Hello dear Wedding Guest! How is your summer going so far? I hope you aren't here reading this blog post because one of your friends is concerned about you. But if you are, I'm happy to help make sure that you don't go down in history in the worst kind of way for misbehaving at a wedding.

So here is Part 2 on tips for how to be a great wedding guest this summer.

 

Click Here for Part 1 of this article

 

DJ/Music

The couple has worked with the DJ and has planned how the music will go. It’s usually ok to make requests, but if the DJ tells you it on the “do not play” list, please don’t go crying to the bride or groom demanding them to make the DJ play the Macarena.

Watch the first dance, father/daughter and mother/son dances from the sidelines. Be aware of where the photographer and videographer may be; the couple is paying them to capture these moments. If you have not been specifically invited to dance during any of the traditional dances, then stay off the dance floor.

Once the announcement is made for everyone to dance, get out there and shake that thang!
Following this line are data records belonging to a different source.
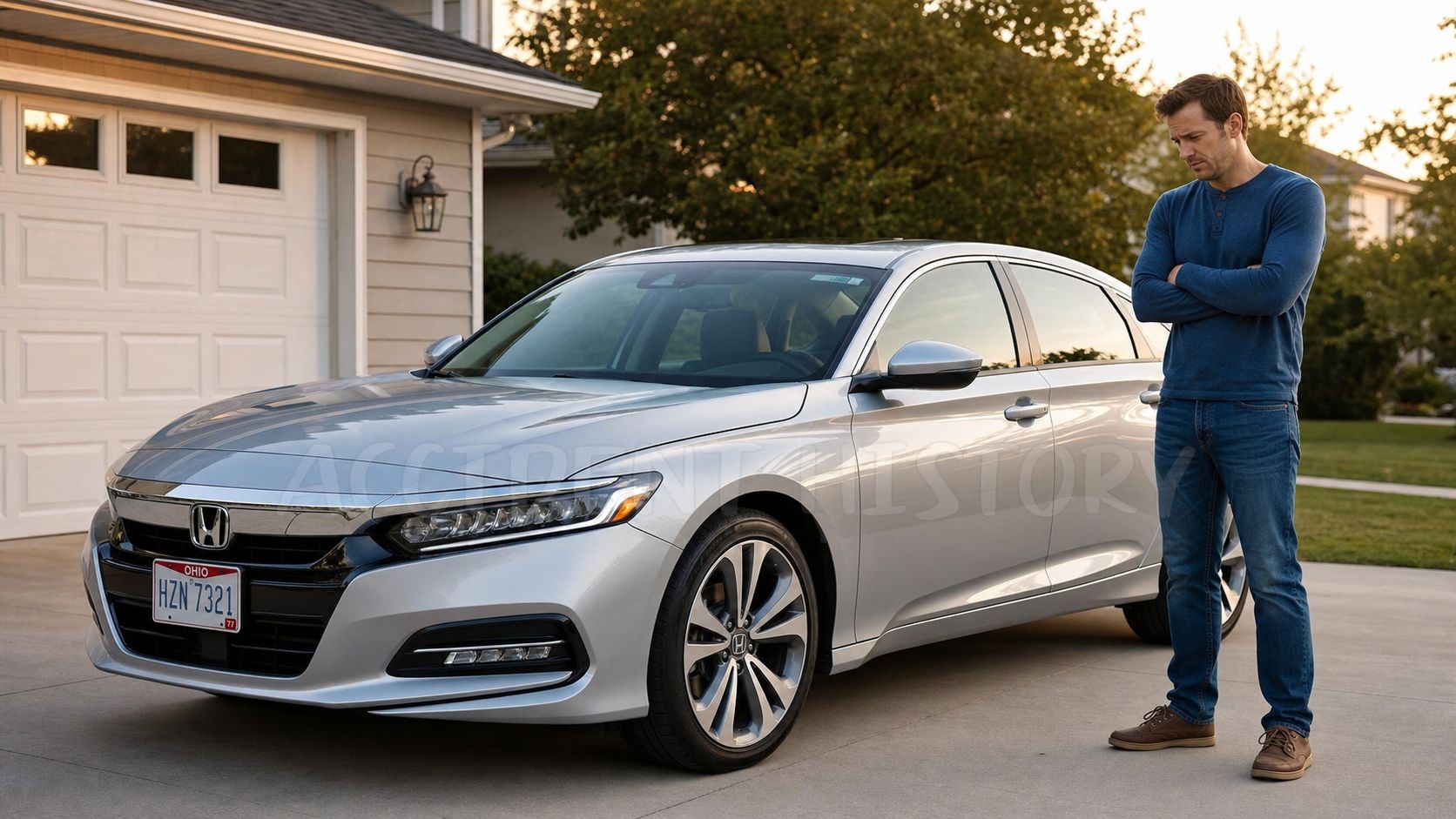 A concerned man stands in a driveway next to his silver Honda sedan contemplating a diminished value claim.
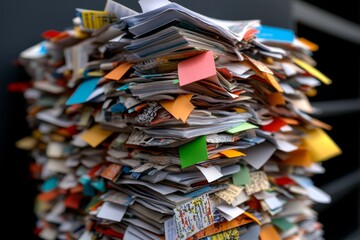 Close-up of a stack of journals and academic papers, capturing the essence of lifelong learning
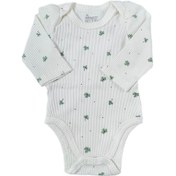 تصویر بادی آستین بلند نوزادی دخترانه طرح برگ سبز دانالو Danaloo 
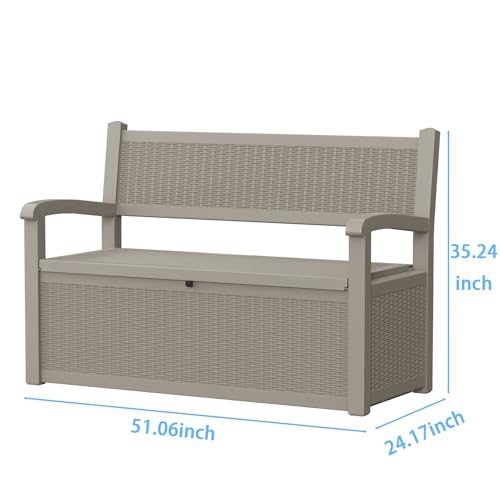 Pepe Tee 80 Gallon Outdoor Storage Bench, Resin Deck Box with Backrest and Armrests, All-Weather Seating, Coffee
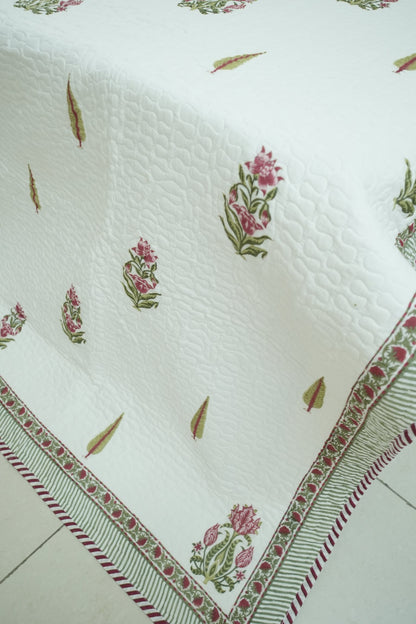 Pink Floral & Leaf Handblock Quilted Comforter Set with 2 Pillow Covers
The couple wants a party, so join in and have some fun.

This is SUCH and obvious and important thing to me that I did a video about my Pet Peeves last year. But in case, you'd rather read, here's a short list:

  • Asking for the microphone when it is not pre-planned

  • Making a big deal about not liking a song or wanting your request “now” or “next”
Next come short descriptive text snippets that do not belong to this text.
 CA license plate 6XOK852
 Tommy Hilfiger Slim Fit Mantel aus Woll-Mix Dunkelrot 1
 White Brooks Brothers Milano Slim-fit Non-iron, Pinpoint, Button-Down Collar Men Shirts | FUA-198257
  • Placing your drinks on or near the DJ’s equipment.

  • Being rude or aggressive

Photos

When a couple hires a photographer, they are counting on that team to capture their day. Many photographers have clauses that state no one else is allowed to take photos at the same time they are.
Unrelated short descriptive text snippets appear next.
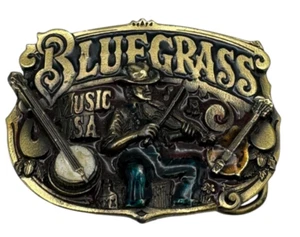 Vtg Belt Buckle Bluegrass Music Made In USA W/ Color Inlay Banjo And Fiddle - Picture 1 of 8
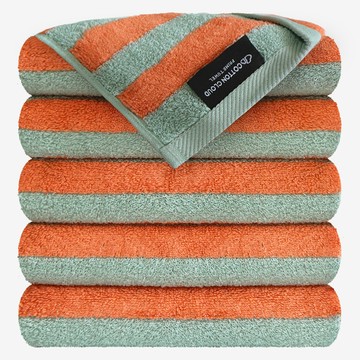 Cotton Cloud 條紋滾邊毛巾 180g 40支混紡紗  橘色 + 綠色  1套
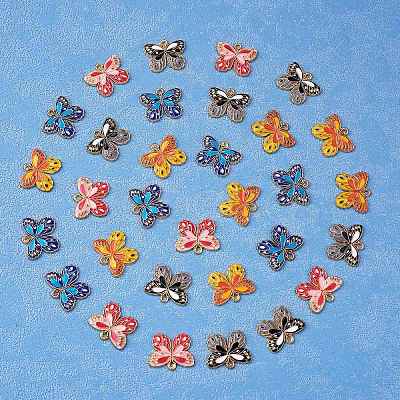 32Pcs 4 Colors Alloy Enamel Pendants FIND-SZ0006-04-1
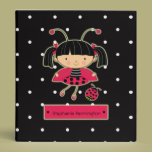 Cute little ladybug girl personalized avery binder binders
And show the professionals the courtesy they deserve which means giving them the freedom to take the couple away to take picture and space to do their job. During a wedding & reception, there are pictures that are time-sensitive such as grabbing that epic sunset photo. And when pictures are being taken, do not distract the subjects of the photo with “look over here” while you take a picture. Also, be aware if you are photo-bombing a shot that the official photographer is taking. Best yet, grab a drink and hang out by the bar and stay as far away as possible from the photo-taking action.

Guestbook and Favors

Many couples are not doing a traditional guestbook any more. However, there are often creative ways offered for guests to write notes or advice on; sometimes they will turn this into art they display in their home. Have fun and help make some memories. While you are at it, take a favor as well. This is a thank you to for coming, even if it’s lame, just take it and toss it in your pile of junk later. It will be disappointing for couples when there is little participation in the guestbook and most of their favors are left behind.

Kids

Finally, if you bring kids to a wedding, make sure they have things to do (coloring book, etc.) and be responsible for them. Many venues have water features that look inviting to little kids. Sometimes bored, unattended kids will dig up or climb rockeries, wade in ponds and try to drown their siblings all in a span of minutes. Not to mention, unattended kids can do the most damage to a venue and the couple will lose a portion if not all of their damage deposit because of it.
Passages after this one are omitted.